Macaroni and cheese is one of the best foods ever – hands down. If anyone disagrees with this, you need to check to make sure you’ve got a pulse and you’re breathing because unless you’re allergic, you either a) are nuts, or b) haven’t had the best macaroni and cheese ever. Get a piece of paper and a pen (or hit the “print” icon) and save this recipe because you will win the hearts of your family and will be asked to make it again and again.
WARNING: This recipe is not diet-friendly.
Ingredients:
8 oz elbow macaroni pasta
8 tablespoons unsalted stick butter
8 oz evaporated milk (found in the baking section)
8 oz Velveeta cheese, cubed
Salt
Pepper
(As you can see, the ratio in this recipe is 1 to 1 to 1 to 1. Allow 2 oz of pasta per person and go from there. This recipe serves 4 (4 x 2 = 8). Don’t guess with the pasta – use a scale to make it perfectly!)
1) Fill a big pot (don’t use those mini-pots) ¾ way up with water and bring to a boil. Boiling is when there are bubbles happily floating to the top. Reluctant bubbles aren’t good enough.
2) When the water is boiling, add roughly 2 teaspoons of salt and your noodles to the pot. Turn down the heat one notch and cook the pasta until it’s al dente (cooking term for almost done… when you test a noodle, it should be firm and have just a slight undoneness to it… if the noodles are mush, they’re overcooked. You can still use them, but make a mental note not to get caught up folding laundry next time.)
3) Drain the noodles thoroughly in a colander (the big bowl with all the holes). No need to rinse the noodles. When all the water is gone, put them back in the pot.
4) For now, don’t put your pot back on the burner you were using. Put it on a cool burner or on the counter or on some surface that’s cool and won’t get burned.
5) Add your butter to the pasta – yes, all of it. In this recipe, it’s an entire stick. Don’t pull a diet move and skimp on the butter. This is macaroni and cheese and I warned that it wasn’t diet-friendly. If you’re on a diet, you shouldn’t be making this anyway.
6) Stir your pasta and butter together until the butter starts to melt. Now you can put it back on the burner and turn the heat down to the second to lowest setting. Waiting a minute or two before putting the pot on a hot burner allows the butter to melt and protects your pasta from being scorched on the bottom of the pan. Do you want to be stuck cleaning up that mess later?
7) Add your evaporated milk and Velveeta cubes. Stir every couple minutes or so until the cheese is completed melted. Avoid over-stirring to protect the shape of the noodles (again, a lesson learned if they turn to mush).
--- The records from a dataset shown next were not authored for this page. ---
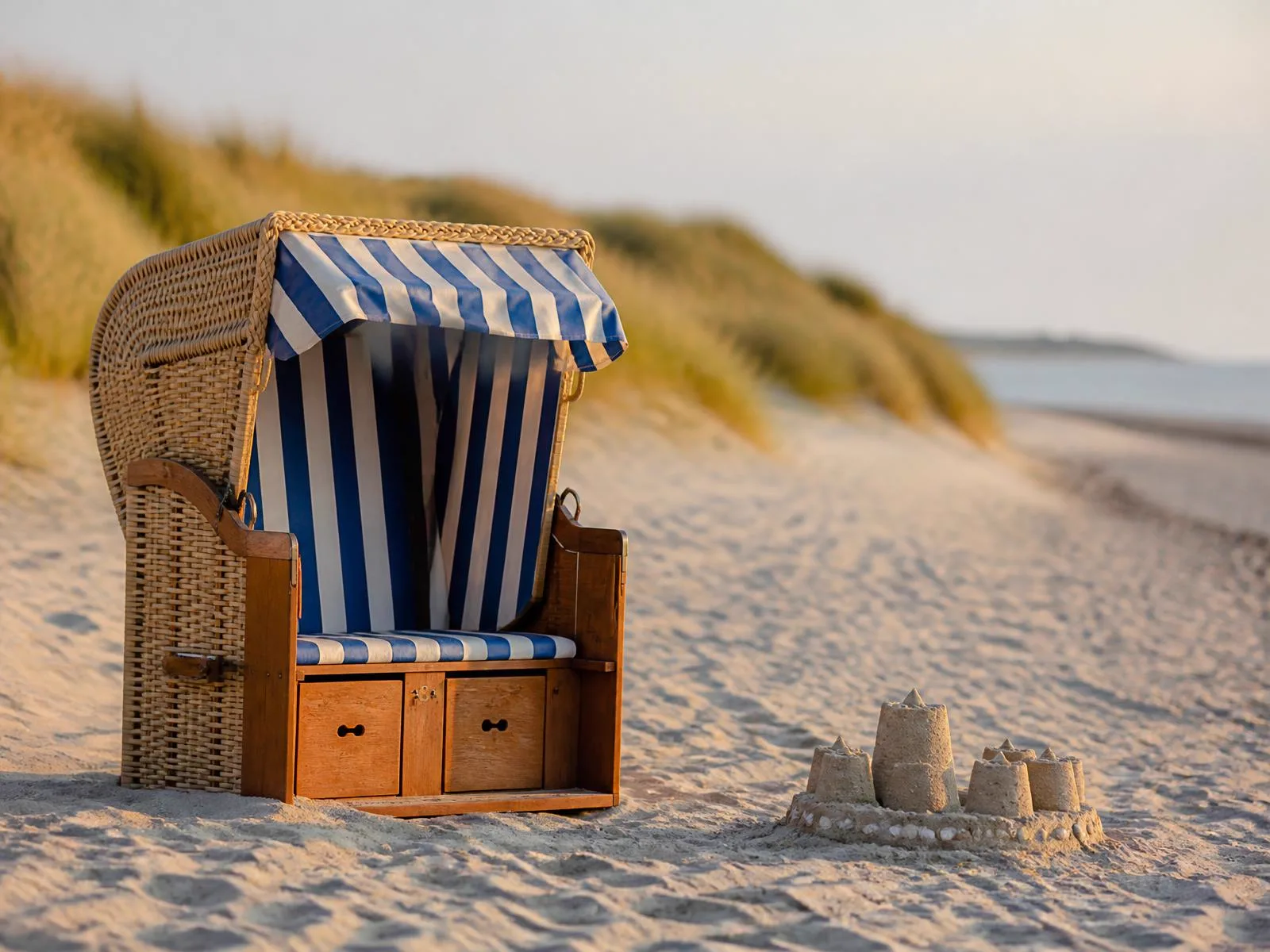 Strandkorb und eine kleine Sandburg an einem ruhigen Nordseestrand im weichen Nachmittagslicht, im Hintergrund unscharf die Dünen.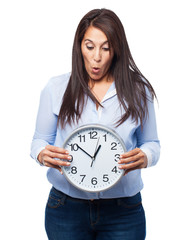 woman holding clock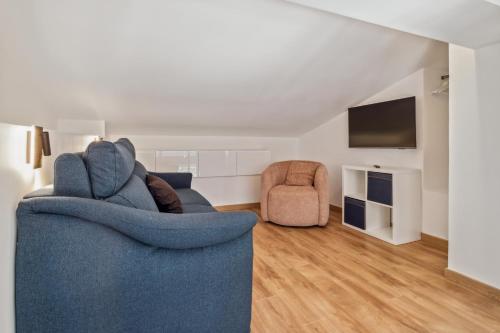 a living room with a blue couch and a tv at DUPLEX VILLA LES PINS 89m2 et terrasse 30m2 in Antibes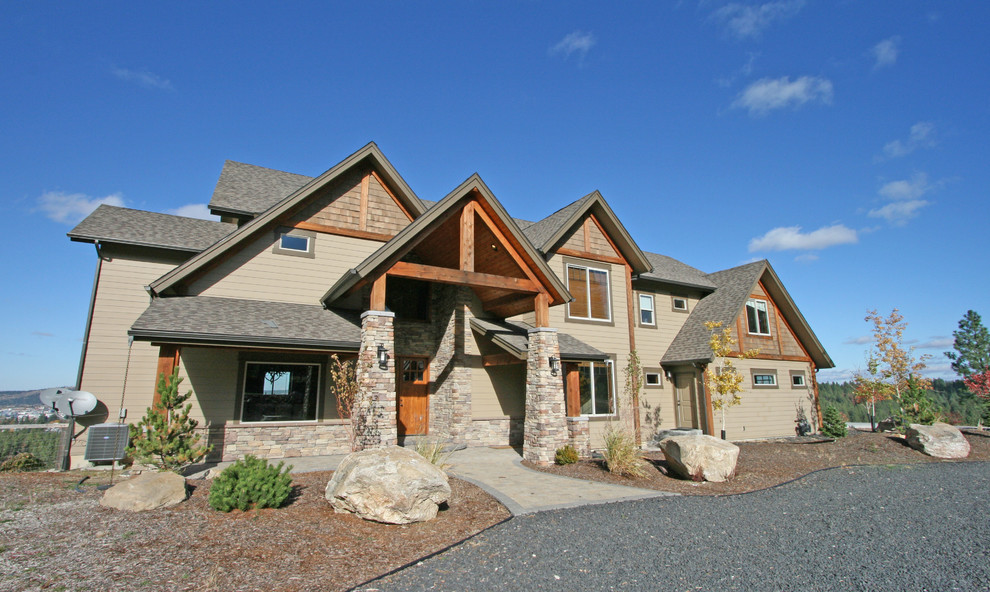 Large mountain style brown two-story mixed siding gable roof photo in Seattle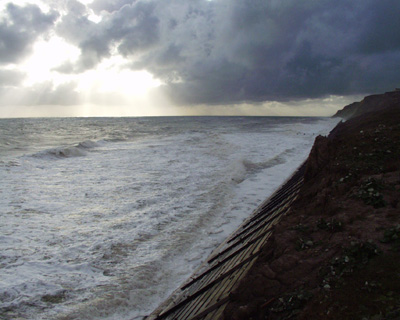High tide reaches the revetment at Trimingham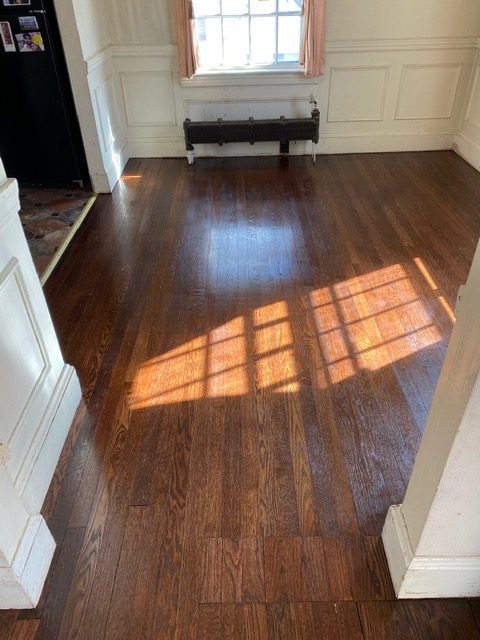 
<p>Client in Belmont with old, high trafficked floors needed a refinish, but I suggested doing a darker stain to “hide” the badly damaged water worn areas that I figured would still look “cloudy”.  They agreed and the results speak for themselves!</p>
<!-- /wp:paragraph -->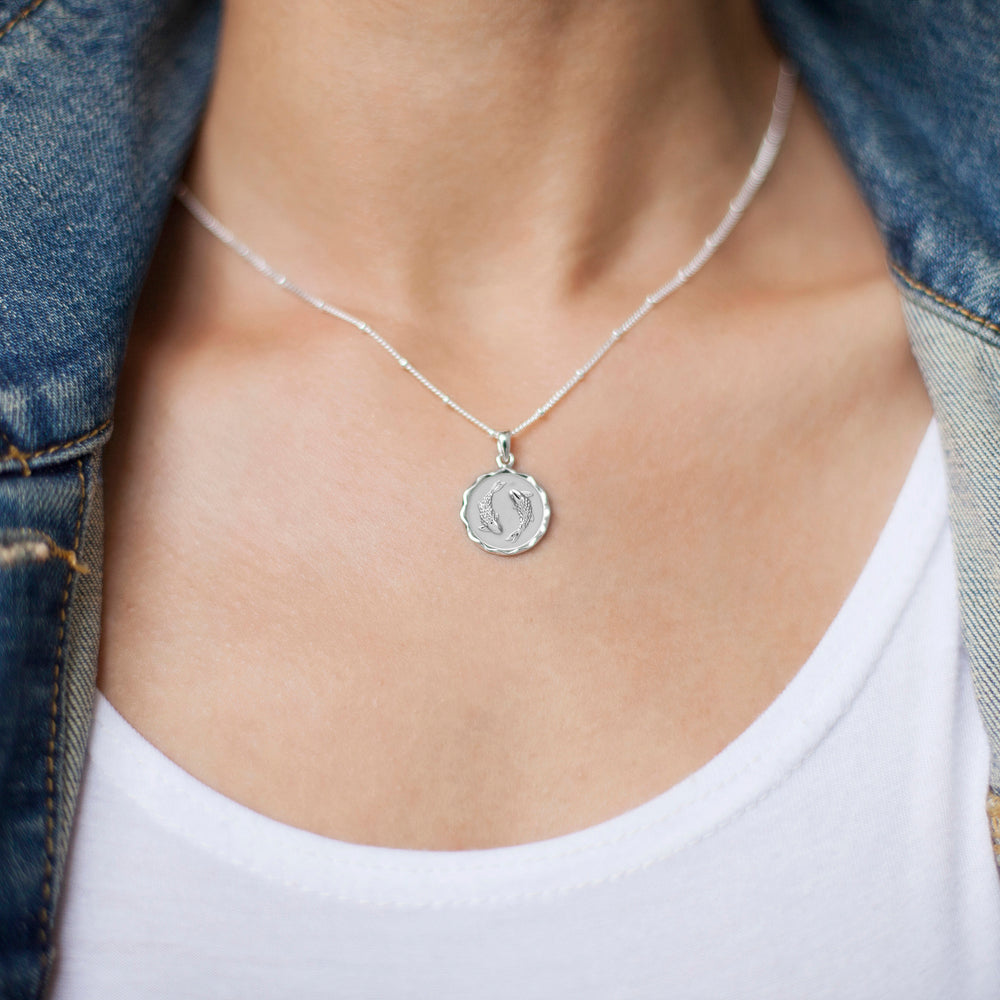 Model wearing a silver star sign pisces necklace and denim jacket
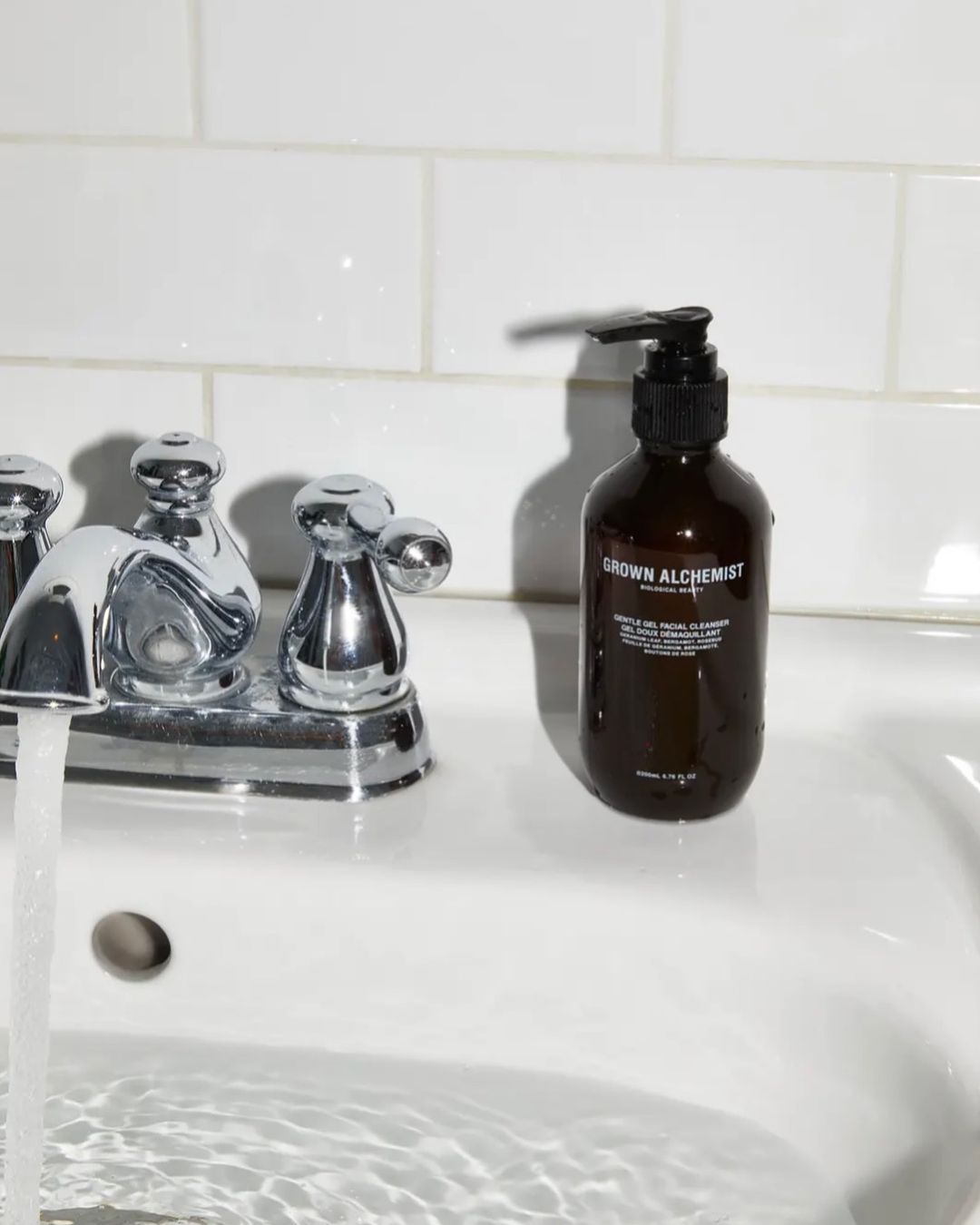 Brown glass pump bottle on a white porcelain sink with chrome faucet; water is running in a bathroom with white tiled walls.
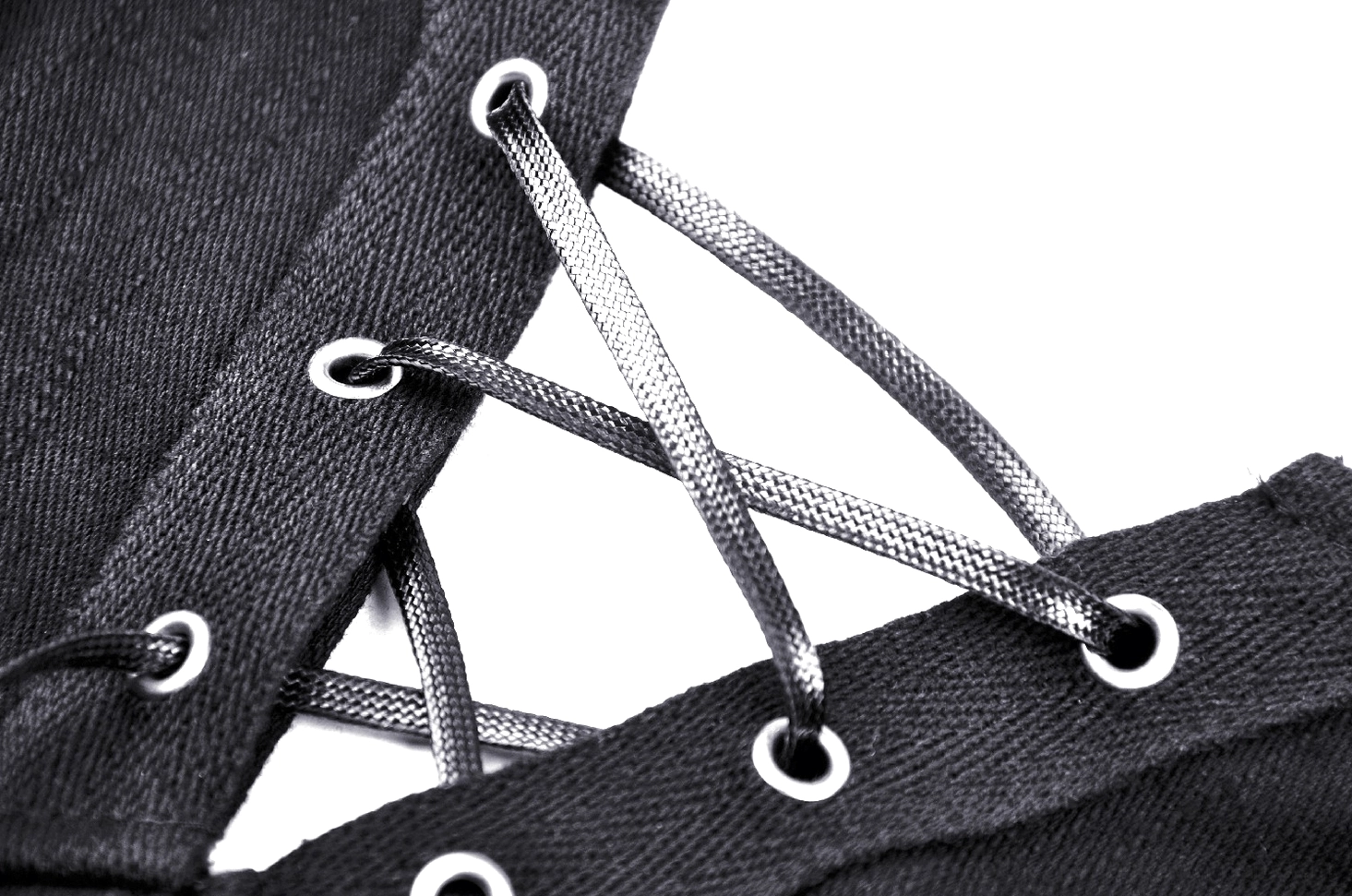 Close-up of corset front lace-up detail showing metallic cords and reinforced eyelet holes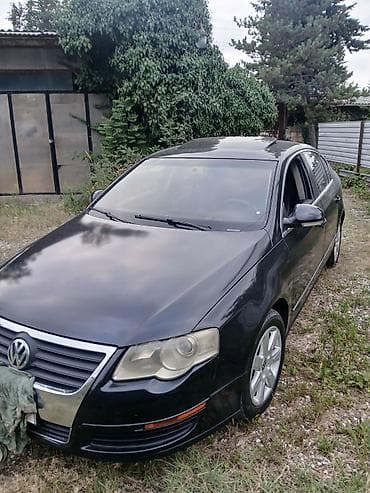 volqa ehtiyat hisseleri: Volkswagen Passat sedan. Avtomobilin salonu qara rəngdədir və ön — 6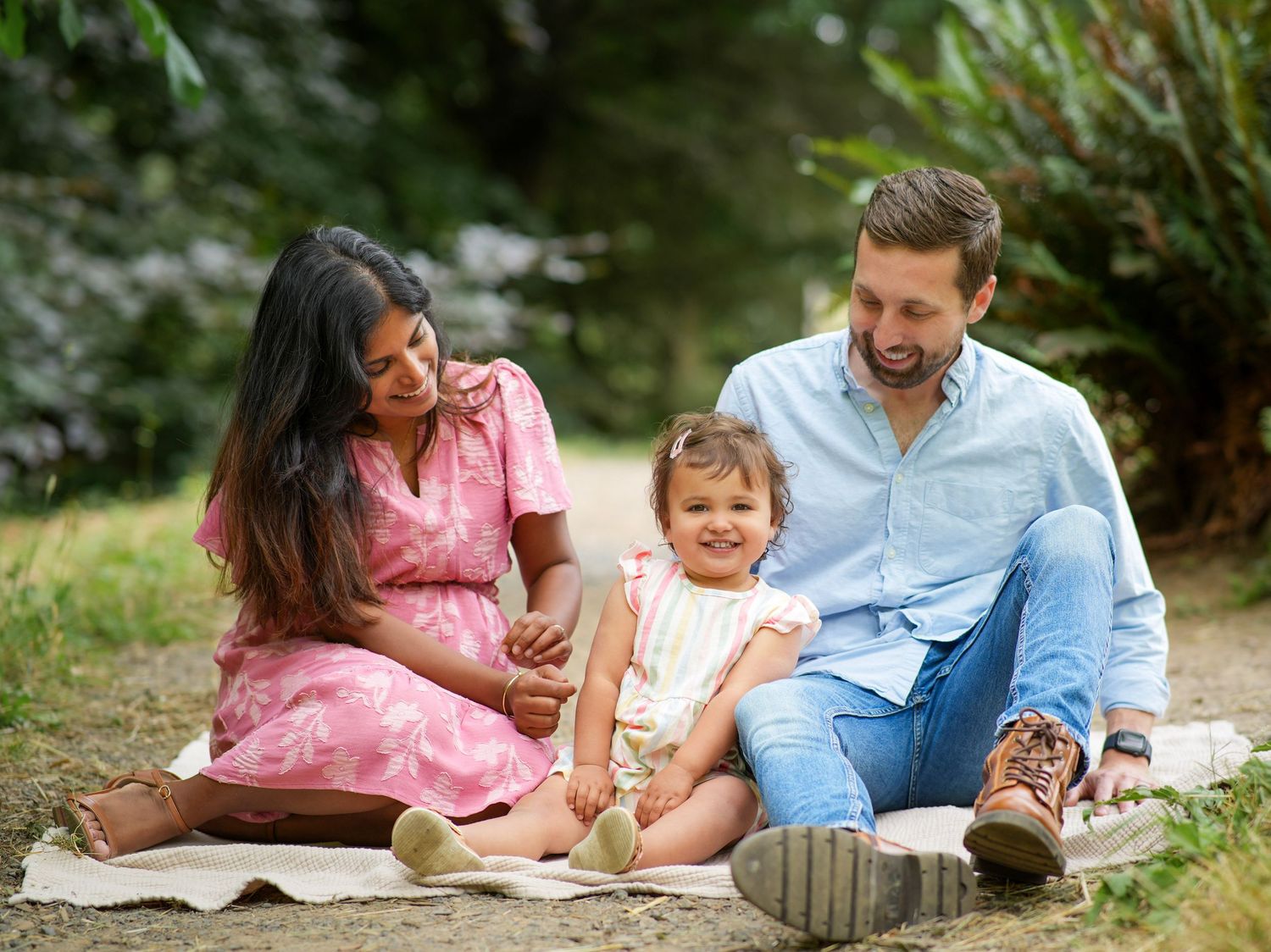 Family of three laughing together during a relaxed outdoor family photography session near Portland, Oregon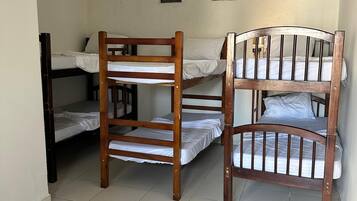 A dormitory room with two bunk beds, a small window, and a ceiling light.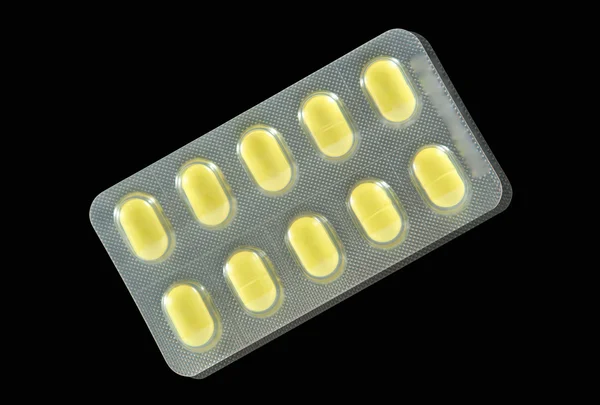 Comprimido amarillo en blíster — Foto de Stock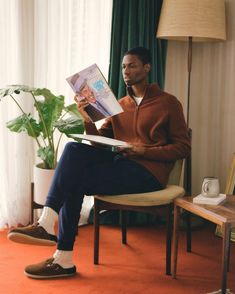 a man sitting in a chair reading a book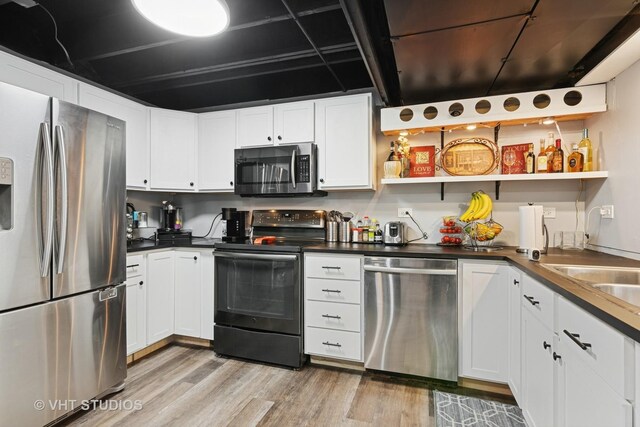 1981 White Oak Dr, Algonquin, IL 60102 - kitchen featuring stainless steel appliances, open shelves, light wood-style flooring, and white cabinetry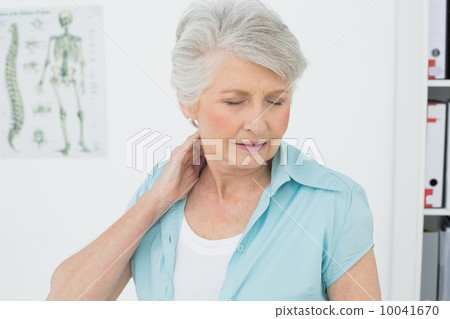 Senior woman suffering from neck pain Senior woman suffering from neck pain 10041670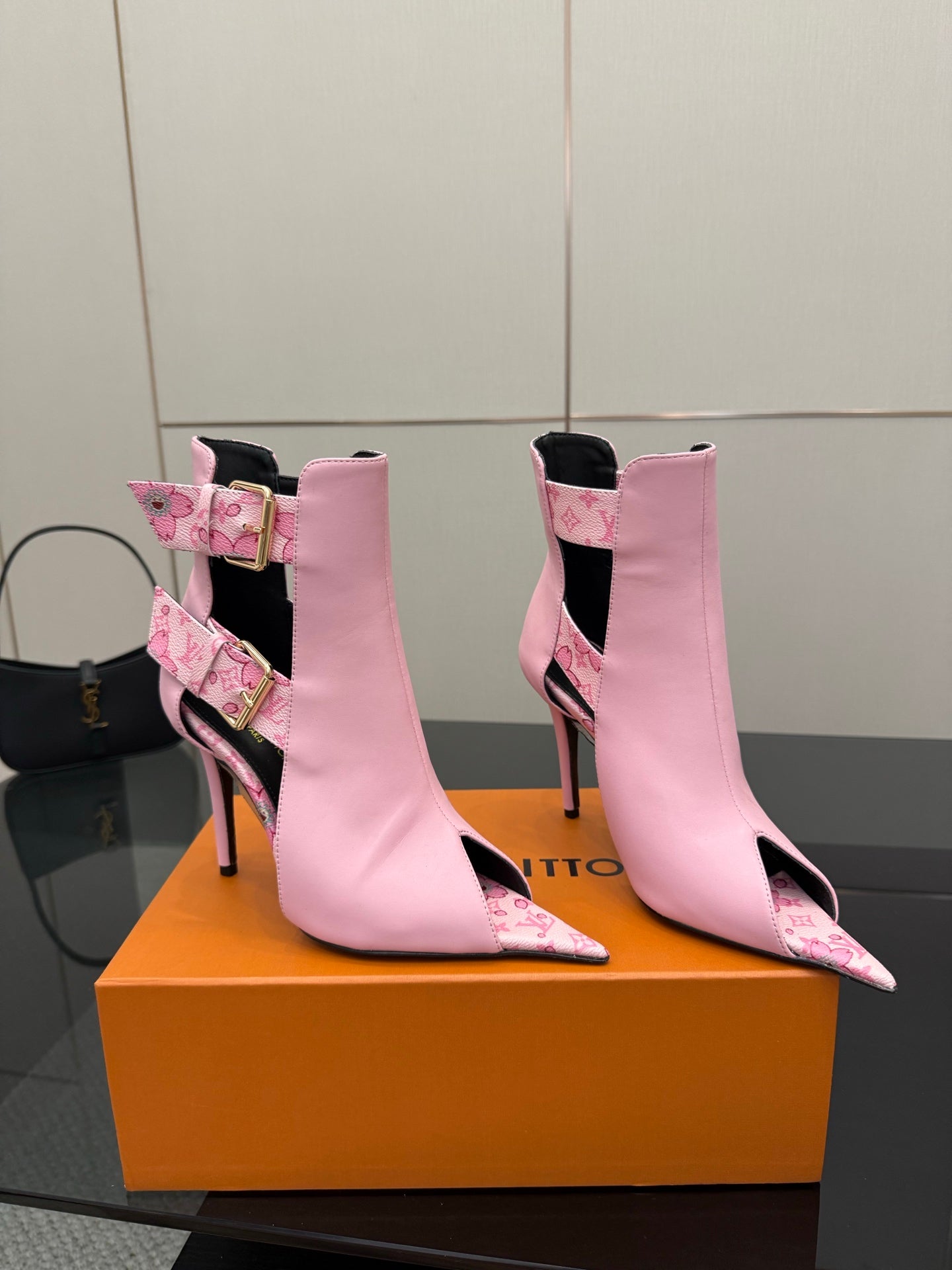 Women's Louis Vuitton pink ankle boots with patterned panels and gold buckles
8) Salt and pepper to taste. There’s something about Velveeta that requires salt to cut the taste so be sure to add a little at a time and then taste a few noodles. Don’t be afraid to add more if you think it needs it.
9) Serve immediately. This is NOT something you want to make entirely ahead of time and then bring over for a pot luck. If you want to do this ahead of time, make the noodles and then do the rest at the place you’ll eat.
TA – DA !
To answer any questions from those who need the idiot’s guide to cooking (*cough* Kim *cough*):
- no, tub butter is not the same as stick butter
- the milk you drink cannot be substituted for evaporated milk
- NO cheese cannot be substituted for Velveeta – EVER
- yes, you CAN use 2% Velveeta or 2% evaporated milk to help with the nutritional stats (if you dare compute them!)
Note: Every recipe I provide is my recipe in that I cook it. I find my recipes online, cookbooks… just about anywhere so yes I copy, yes I steal and yes I enjoy every bite! :)






My uncle makes mac n cheese from scratch for parties and my kids don’t like it because it doesn’t taste like what comes out of the box…
I might try this -I am not a big mac n cheese fan unless it is really good!
That sounds delish! And like something I would carry around for years on my hips…oh, to be young and thin again!